Before I decided to lose weight (over a year ago), or should I say when I first started thinking about it, I came to the realization that I was going to have to eliminate all the sweetened iced tea, pop, juice, etc, that I consumed on such a regular basis. Quite honestly, I'm amazed that I hadn't become pre-diabetic for all the sugar I was drinking.
It was pretty common (OK, daily) for me to get those giant size cups of "Sweet Tea" from McDonald's (No ice please, cuz you can get more in the cup that way). I called it my "bucket o' tea". And I'd drink that at work. All day. After work, I'd drink more sweet tea (at home, I'd make a gallon at a time, with a cup of sugar added), and drink that all afternoon and evening. And I absolutely love fruit juice. Pretty much any kind, especially if its got cranberry in it. Which means it must have lots of high-fructose corn syrup. Its nothing for me to pour myself a 16 ounce glass of juice and drink it in 2 or 3 long gulps. No one in my house will share a drink with me, cuz I'll half empty the glass!
So the thought of letting go of all that sweet, tasty, thirst-quenching heaven really filled me with anxiety. After all, we MUST drink a lot of fluids every day, its healthy, right? I got the part about changing foods and eating less fat/sugar/carbs etc. For the most part, I was prepared for that. It was the loss of the sweet drinks that really worried me. I've never been a water drinker, except in those odd moments of great thirst when the only relief is a drinking fountain with metalic tasting tepid water, and your mouth feels like the Sahara. Bleck!! But necessary.
Who wants to drink water like that? Or the chlorine filled stuff out of my kitchen tap?
And I didn't relish the idea of spending a ton of money on bottled water, either. It seems so ridiculous. Water. More expensive that the gas in my car. How insane is that?!?

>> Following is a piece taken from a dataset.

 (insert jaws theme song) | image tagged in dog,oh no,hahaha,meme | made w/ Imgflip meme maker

But I relented. It hasn't been easy. But it has been surprising. At first, I started drinking a bottle here, and a bottle there. I was not impressed. None of them tasted very good, and some of them tasted rather lousy. So I kept trying different brands. Absopure, Mountain Springs, Poland Springs, Dasani, Ice Mountain. I can't even remember all the brands we've been through. None of them appealed to me. At least not at first.
My husband kept buying cases of water. After all, the kids were drinking it, he was drinking it, occasionally I would drink it. And then one day I realized that I'd become acclimated to drinking water. It wasn't so bad anymore. It happened very gradually. In the beginning, I just forced myself to sip away. More often than not, the water would long since have warmed up, making it even more unappealing, and I'd dump the rest on the plants or in the dogs dish. Hubby was getting pretty worked up about all the "wasted" water that we're paying good money for.

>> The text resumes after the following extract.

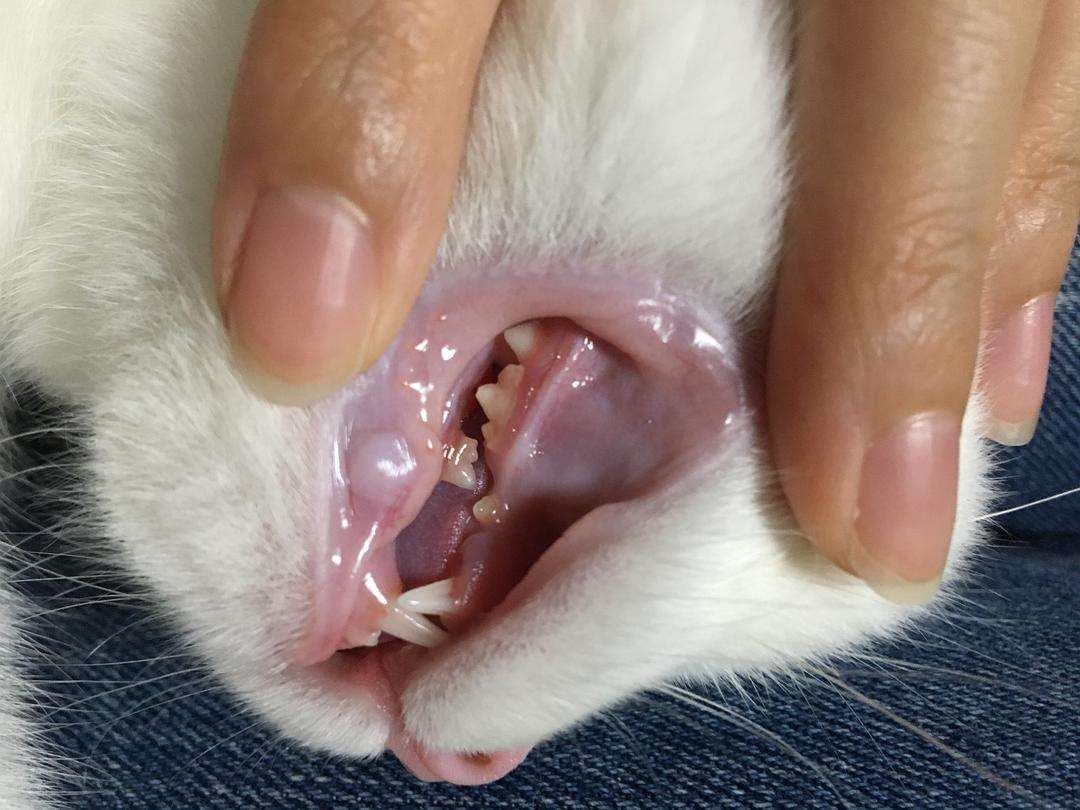 小猫几个月换牙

But one day I found myself craving a nice cold bottle of water. Like I used to crave juice or tea.I wasn't forcing myself. Wow! This feels pretty good! I used to dread the idea of having to choke down 32 or 48 or 64 ounces of water in a day. Now I don't even bat an eye. I haven't given up the sweetened morning coffee. But I've pretty much eliminated all the other stuff. And I don't worry anymore about the occassional glass of juice, because I know that the vast majority of the fluids I drink are calorie free. (And not artifically sweetened!).
So that's a hurdle I've passed. I think it was as much a mental hurdle, as it was physical. And besides the benefit of helping with weight loss and keeping me hydrated in a good way, water doesn't give me the headrushes and bloated feeling I used to get from drinking all that sweet tea. And that feels GREAT! My tastebuds have adjusted in ways I never expected! Surprise!